• **Source data**
^^^^

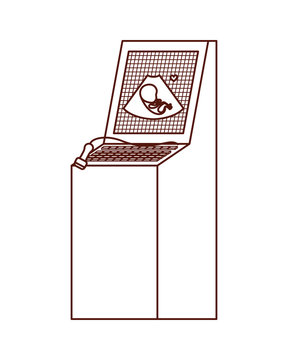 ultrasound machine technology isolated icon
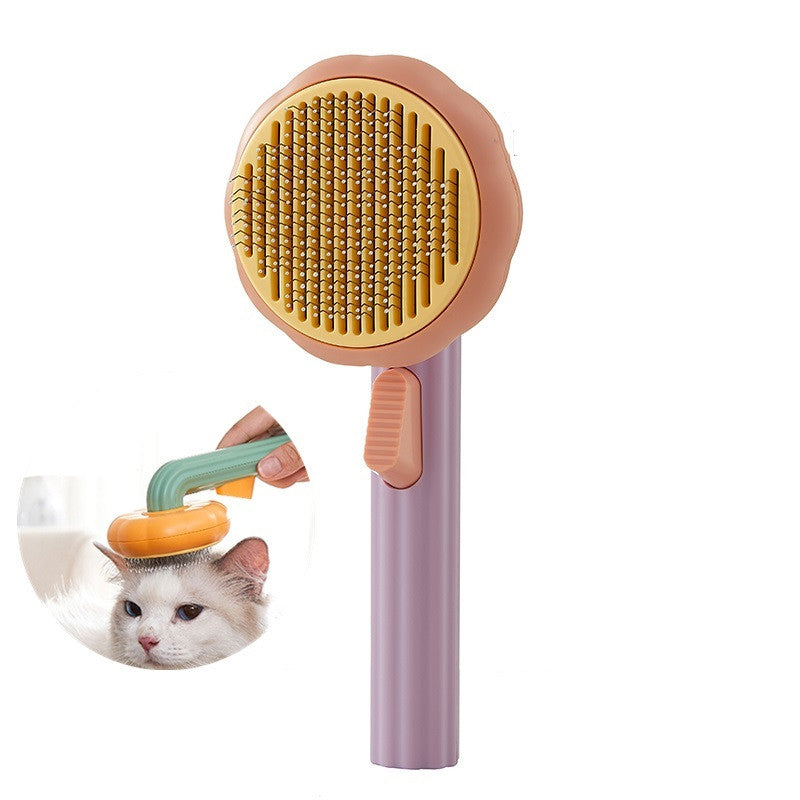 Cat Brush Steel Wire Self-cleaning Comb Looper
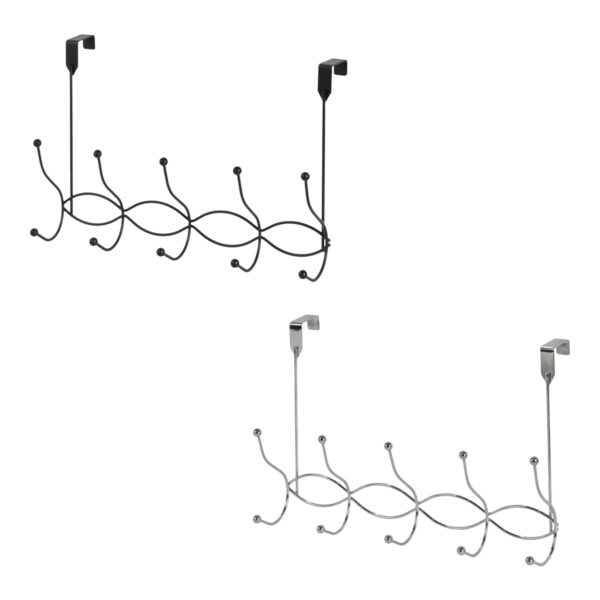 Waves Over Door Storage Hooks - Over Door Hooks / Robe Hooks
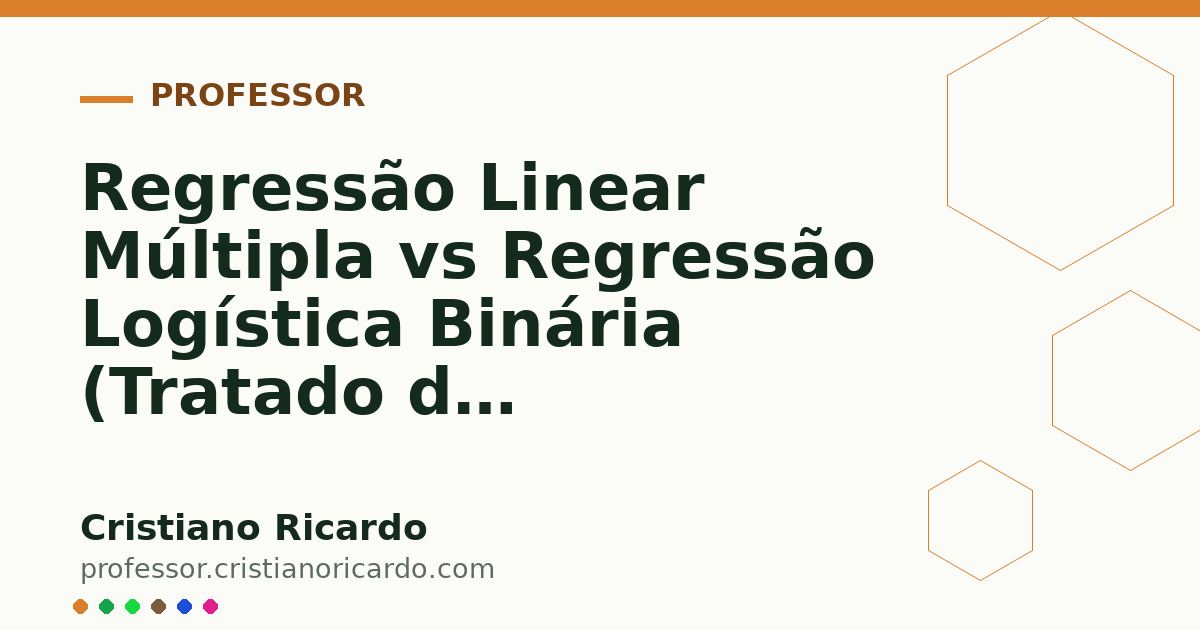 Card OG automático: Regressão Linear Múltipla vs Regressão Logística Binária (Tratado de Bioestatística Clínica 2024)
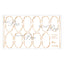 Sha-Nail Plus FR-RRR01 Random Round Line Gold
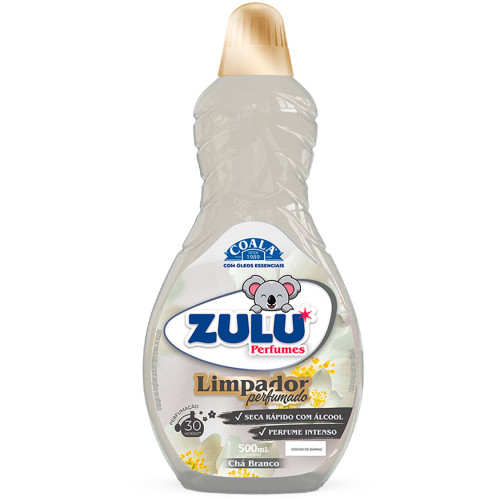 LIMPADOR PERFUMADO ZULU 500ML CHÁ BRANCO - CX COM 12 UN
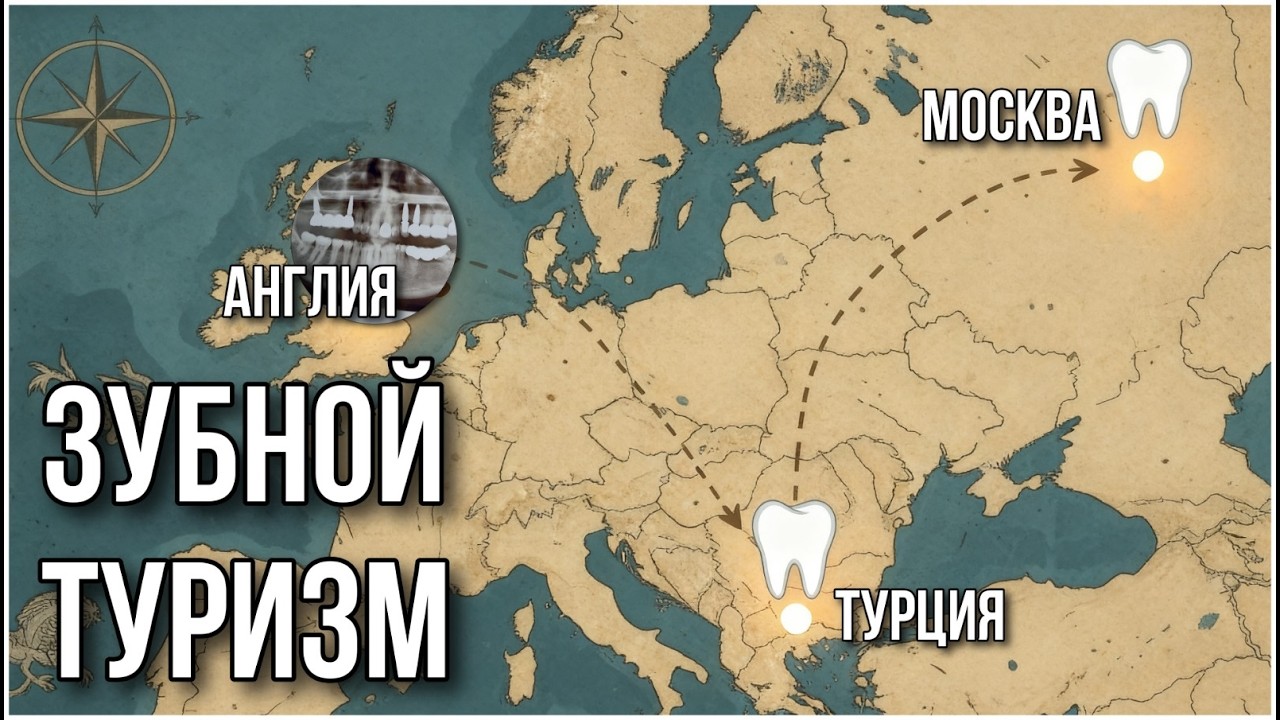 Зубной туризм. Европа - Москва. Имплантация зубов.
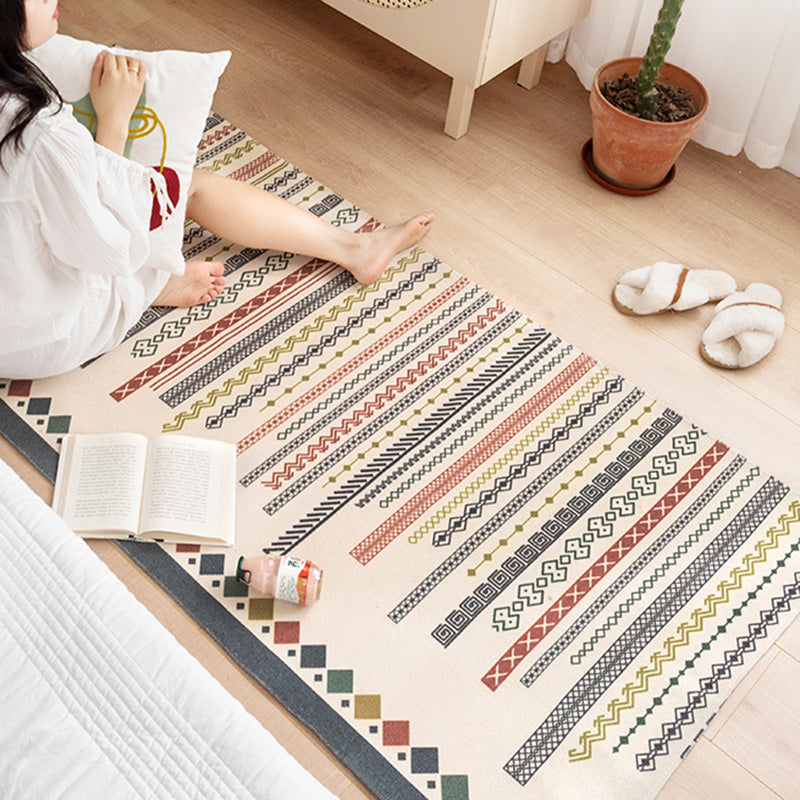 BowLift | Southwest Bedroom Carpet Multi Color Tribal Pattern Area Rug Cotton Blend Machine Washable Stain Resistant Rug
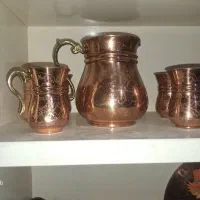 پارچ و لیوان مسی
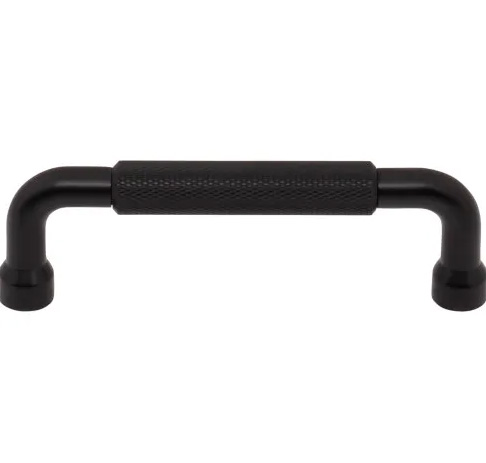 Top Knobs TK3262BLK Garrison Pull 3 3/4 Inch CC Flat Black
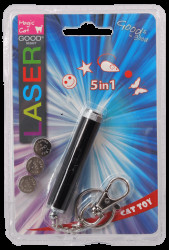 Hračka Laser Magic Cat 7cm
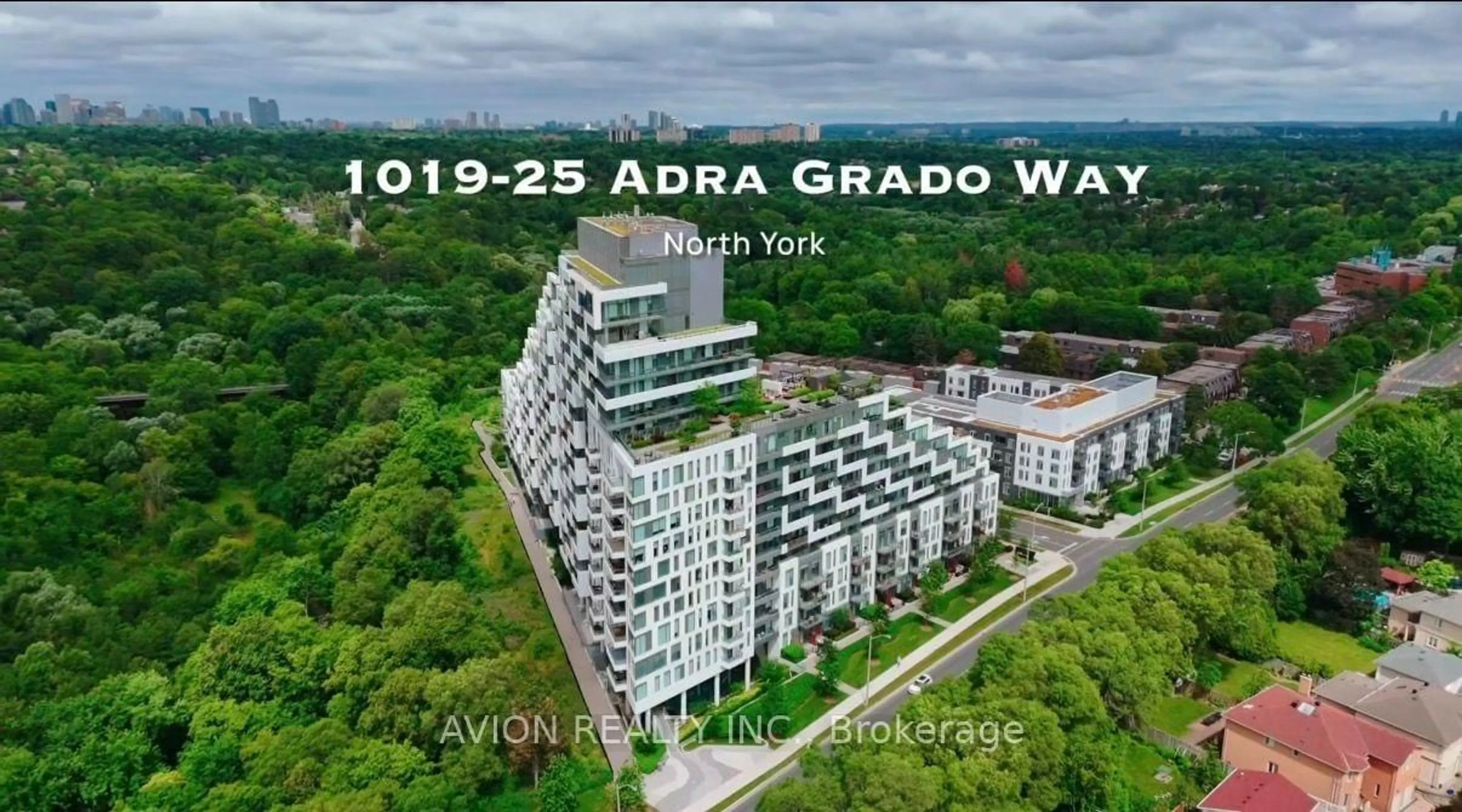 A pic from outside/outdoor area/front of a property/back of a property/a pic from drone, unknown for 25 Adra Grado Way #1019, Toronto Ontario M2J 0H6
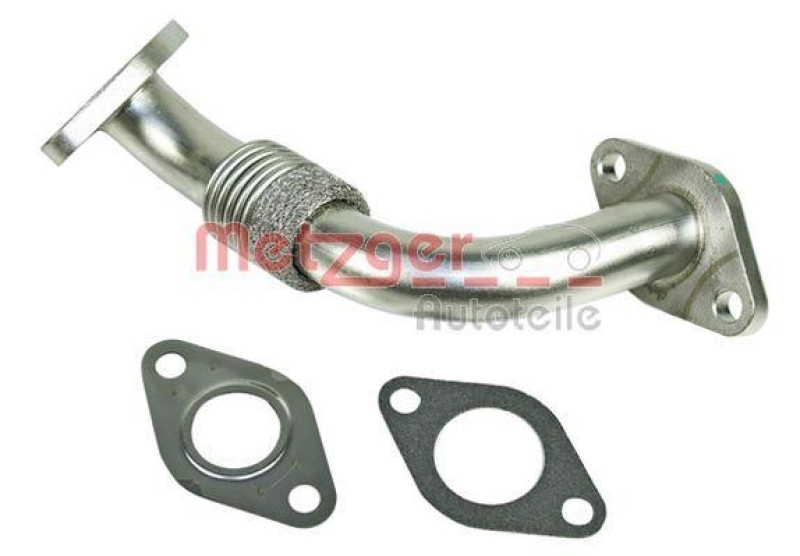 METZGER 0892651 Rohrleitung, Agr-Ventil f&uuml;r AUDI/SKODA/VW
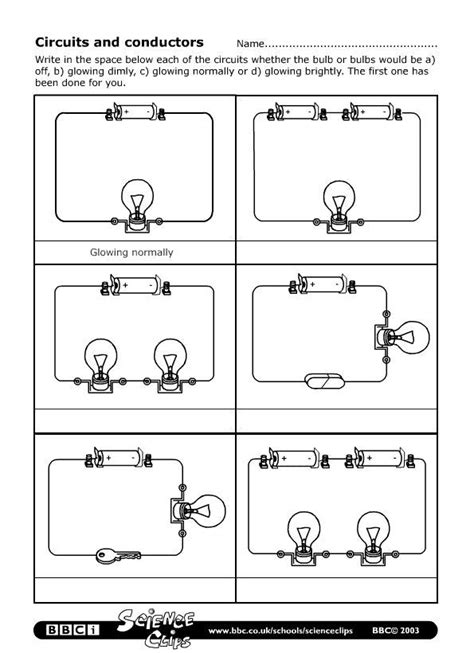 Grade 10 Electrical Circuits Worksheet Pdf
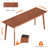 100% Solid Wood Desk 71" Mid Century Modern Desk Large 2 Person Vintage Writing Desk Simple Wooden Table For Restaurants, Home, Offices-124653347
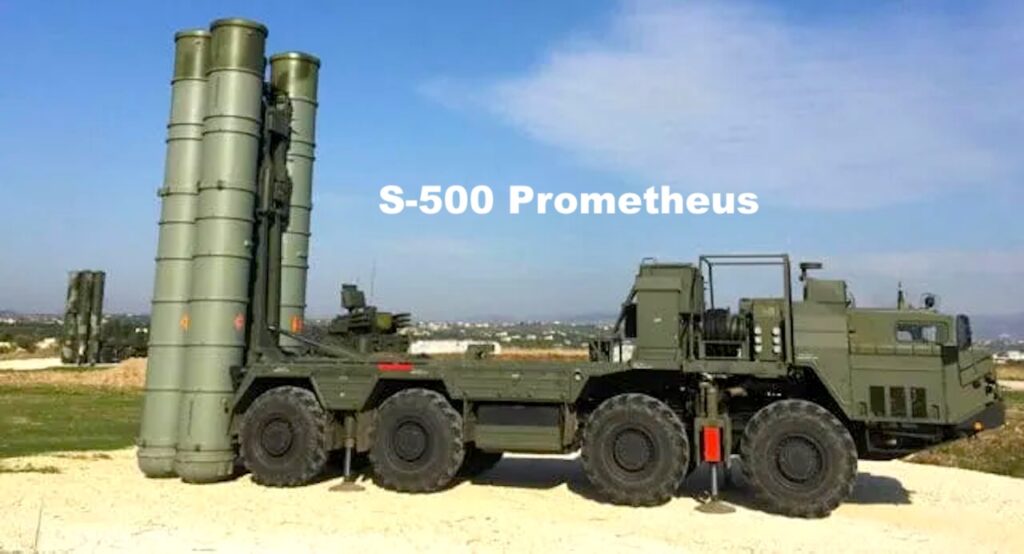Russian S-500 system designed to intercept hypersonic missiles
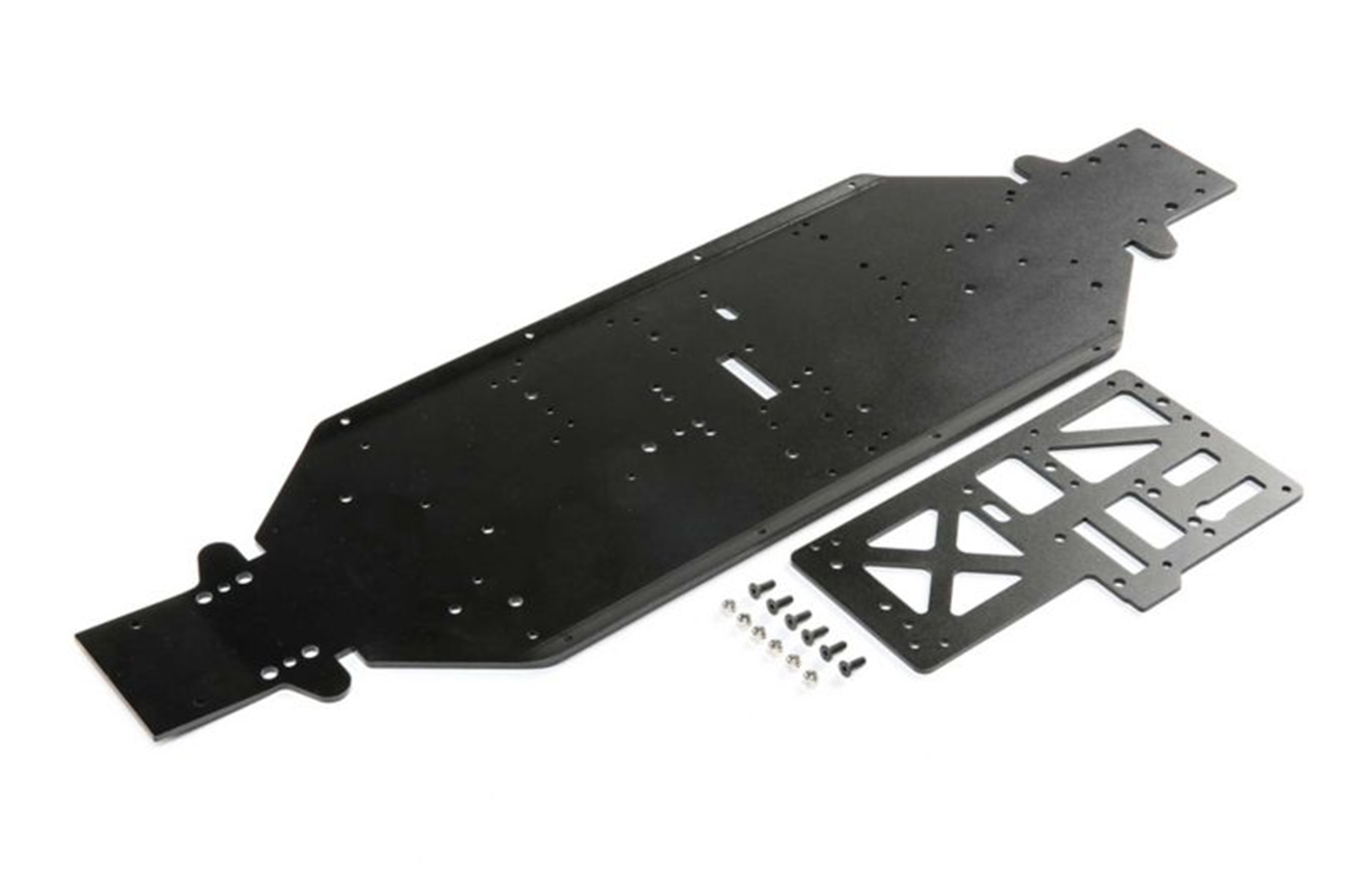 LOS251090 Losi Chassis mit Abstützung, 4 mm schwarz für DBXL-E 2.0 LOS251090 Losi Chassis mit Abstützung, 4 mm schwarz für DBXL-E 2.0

^^^^

• **What you will do**
Please output the lines above beginning at the line with "Sha-Nail Plus FR-RRR01" and ending after the line with "Grade 10 Electrical Circuits Worksheet Pdf", precisely as written and with no pictures.

• **Task answer**
 Sha-Nail Plus FR-RRR01 Random Round Line Gold
 LIMPADOR PERFUMADO ZULU 500ML CHÁ BRANCO - CX COM 12 UN
 Зубной туризм. Европа - Москва. Имплантация зубов.
 BowLift | Southwest Bedroom Carpet Multi Color Tribal Pattern Area Rug Cotton Blend Machine Washable Stain Resistant Rug
 پارچ و لیوان مسی
 Top Knobs TK3262BLK Garrison Pull 3 3/4 Inch CC Flat Black
 Hračka Laser Magic Cat 7cm
 A pic from outside/outdoor area/front of a property/back of a property/a pic from drone, unknown for 25 Adra Grado Way #1019, Toronto Ontario M2J 0H6
 METZGER 0892651 Rohrleitung, Agr-Ventil f&uuml;r AUDI/SKODA/VW
 Grade 10 Electrical Circuits Worksheet Pdf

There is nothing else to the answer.